Top of Data records

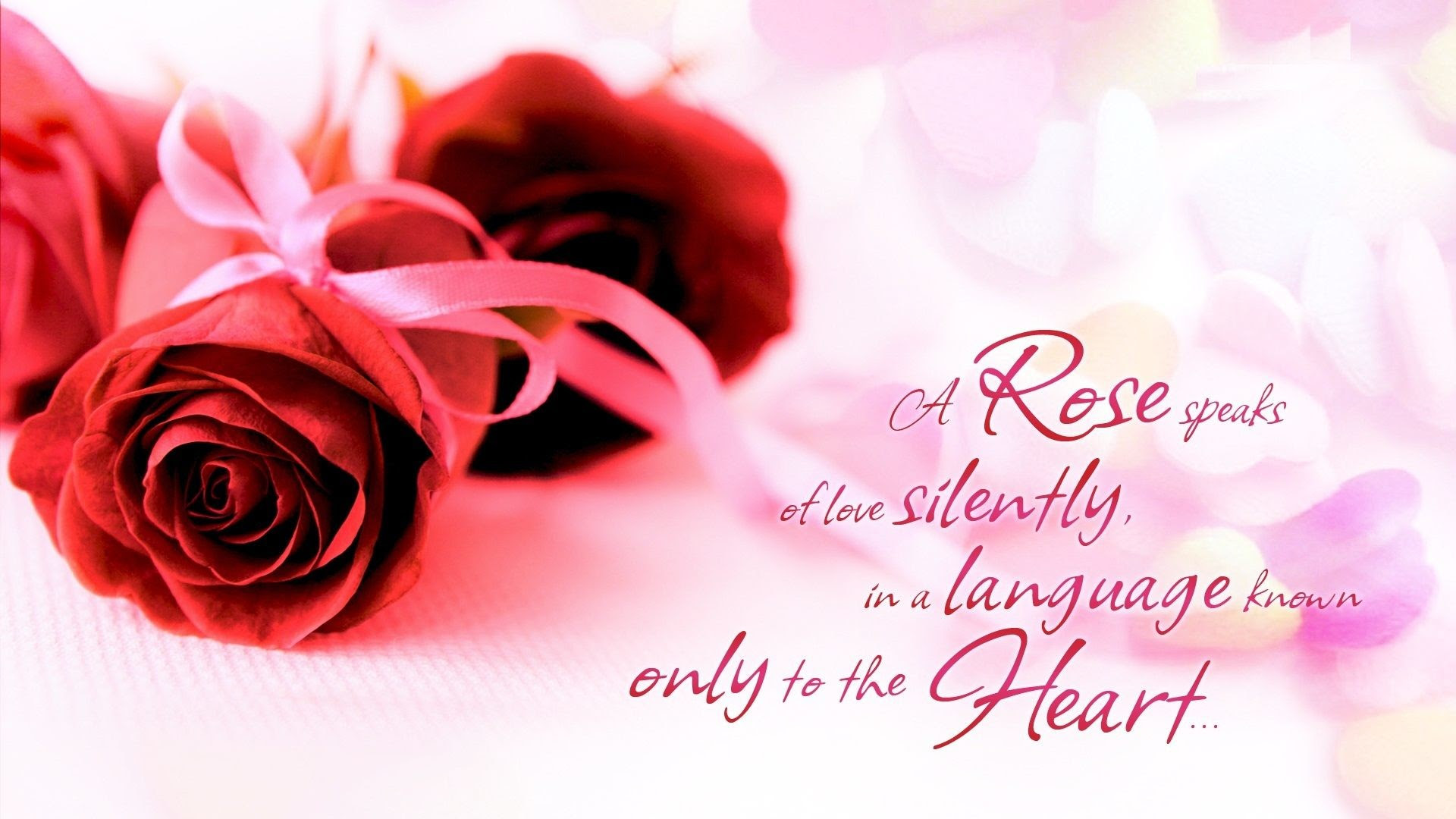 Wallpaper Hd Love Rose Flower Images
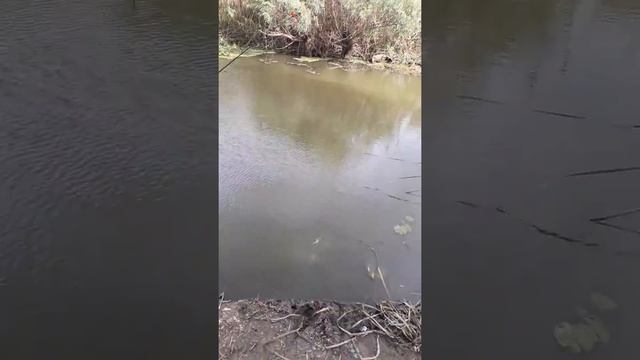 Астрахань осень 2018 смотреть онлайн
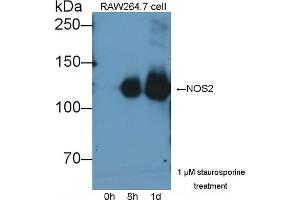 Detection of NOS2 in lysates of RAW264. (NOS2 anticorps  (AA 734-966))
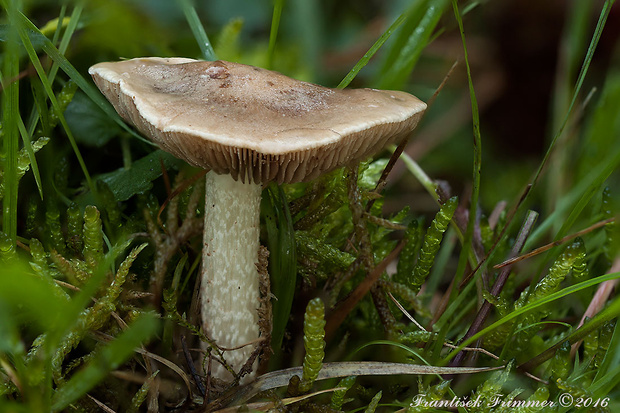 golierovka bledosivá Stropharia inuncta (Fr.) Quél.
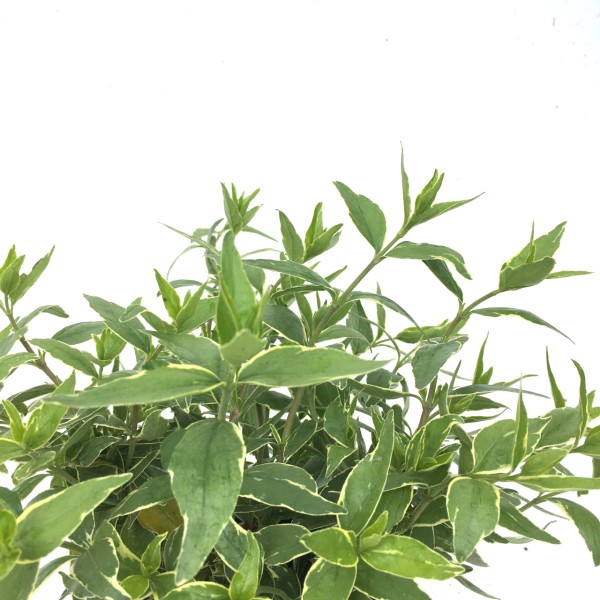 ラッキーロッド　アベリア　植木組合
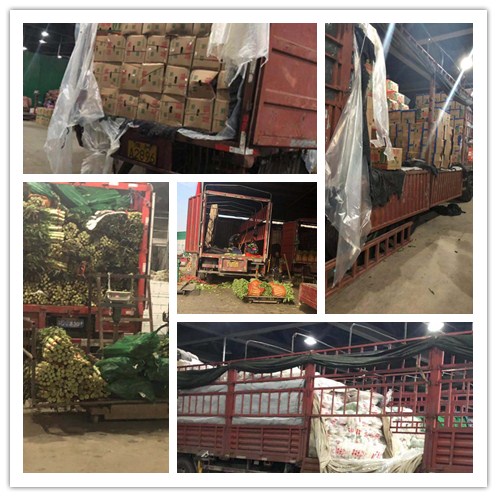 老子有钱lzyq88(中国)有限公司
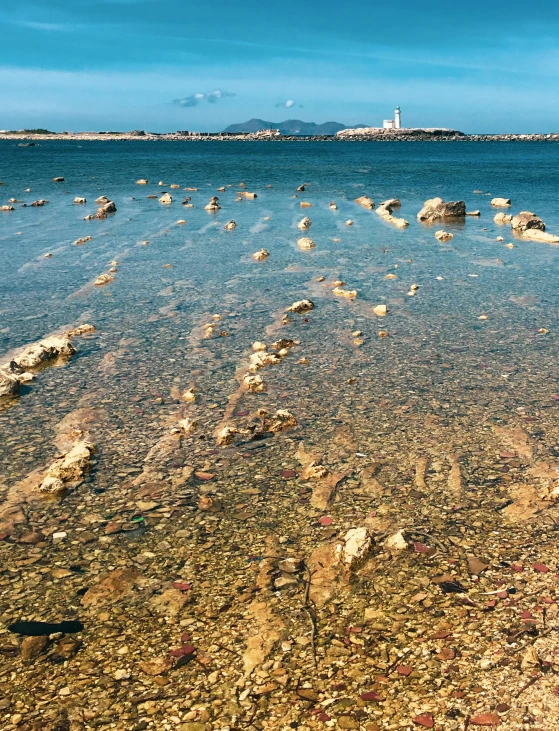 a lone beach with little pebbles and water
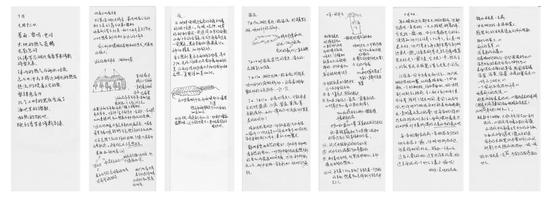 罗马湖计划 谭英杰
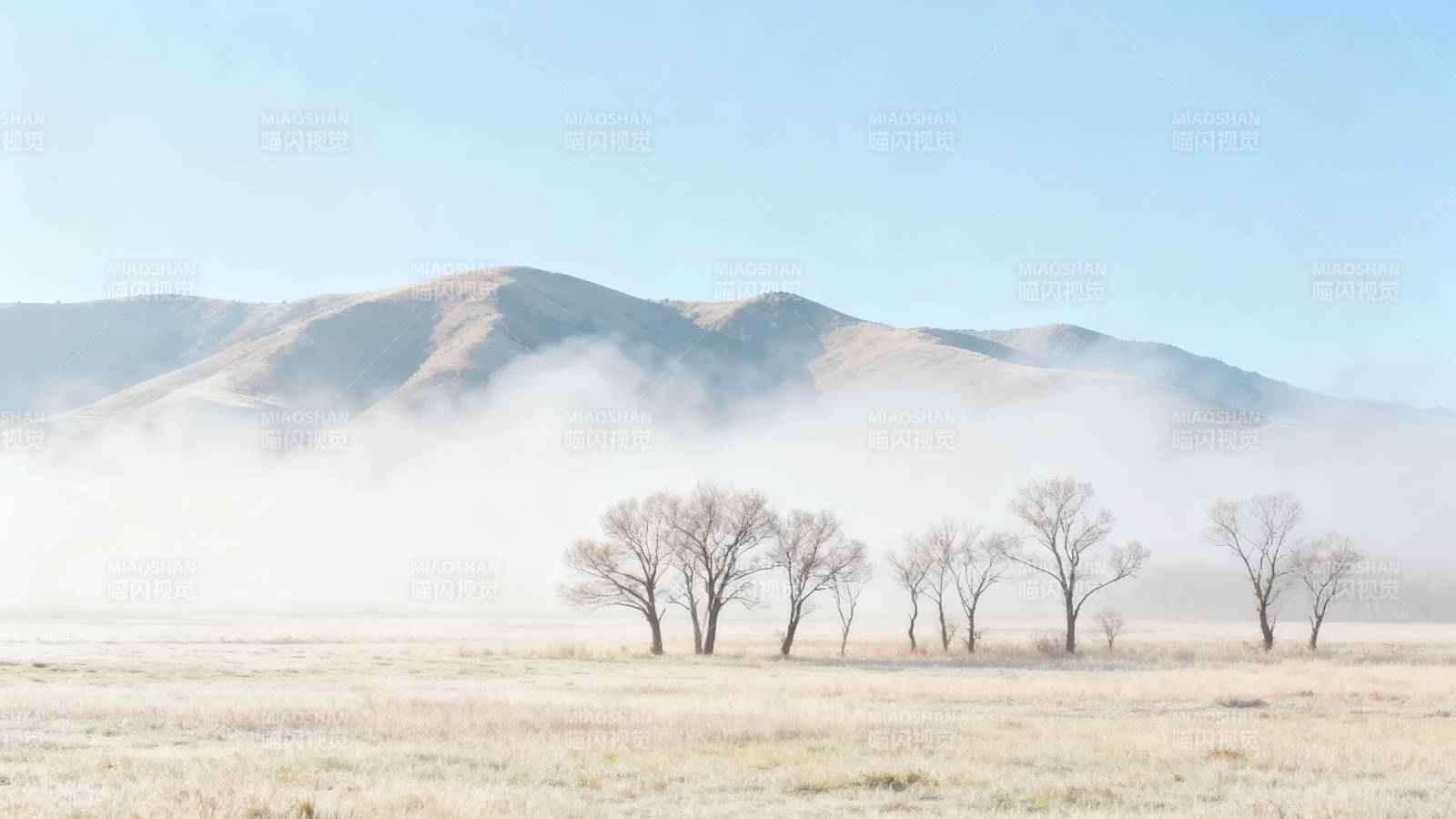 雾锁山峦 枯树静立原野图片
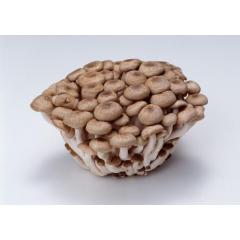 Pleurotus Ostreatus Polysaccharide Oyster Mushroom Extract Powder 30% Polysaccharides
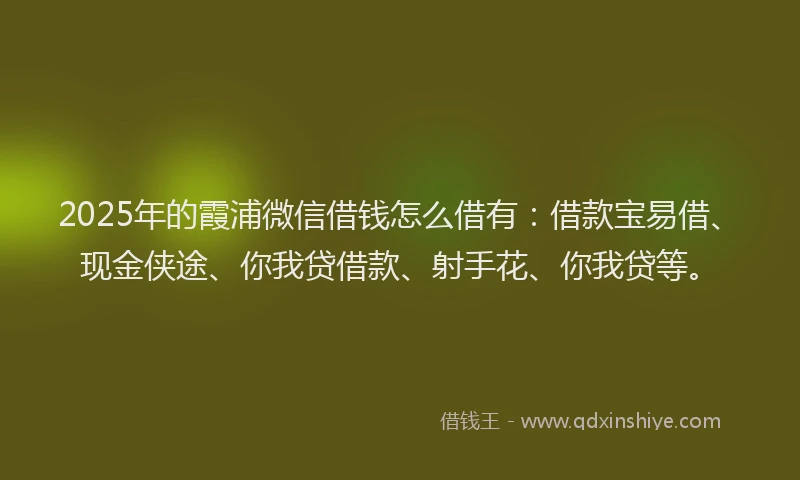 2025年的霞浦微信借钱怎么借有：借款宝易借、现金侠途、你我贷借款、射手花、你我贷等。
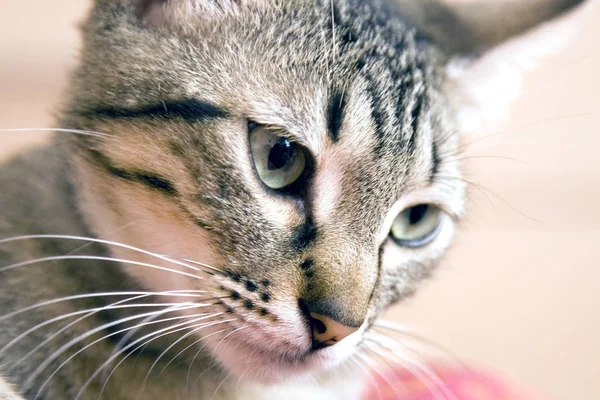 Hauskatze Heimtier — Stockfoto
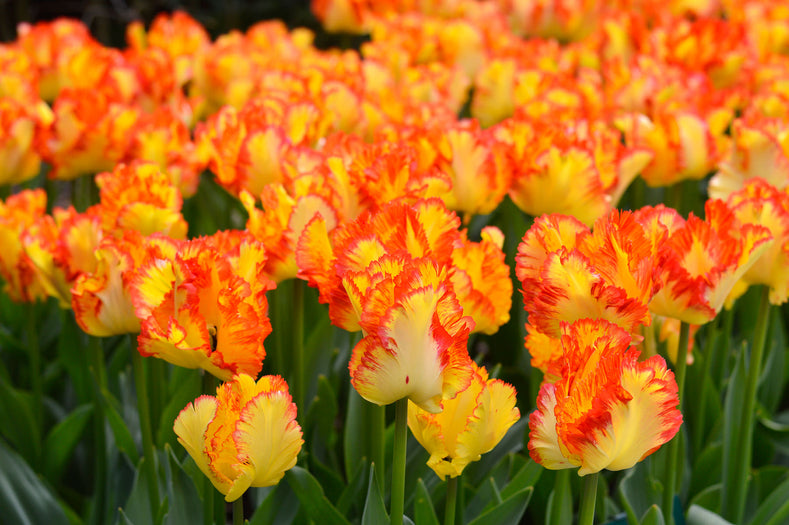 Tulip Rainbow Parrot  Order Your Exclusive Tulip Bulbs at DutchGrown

Bottom of Data records

■ **Task requirements**
Without copying any images, transcribe the records exactly as they stand.

■ **Reply**
 Wallpaper Hd Love Rose Flower Images
 Астрахань осень 2018 смотреть онлайн
 Detection of NOS2 in lysates of RAW264. (NOS2 anticorps  (AA 734-966))
 golierovka bledosivá Stropharia inuncta (Fr.) Quél.
 ラッキーロッド　アベリア　植木組合
 老子有钱lzyq88(中国)有限公司
 a lone beach with little pebbles and water
 罗马湖计划 谭英杰
 雾锁山峦 枯树静立原野图片
 Pleurotus Ostreatus Polysaccharide Oyster Mushroom Extract Powder 30% Polysaccharides
 2025年的霞浦微信借钱怎么借有：借款宝易借、现金侠途、你我贷借款、射手花、你我贷等。
 Hauskatze Heimtier — Stockfoto
 Tulip Rainbow Parrot  Order Your Exclusive Tulip Bulbs at DutchGrown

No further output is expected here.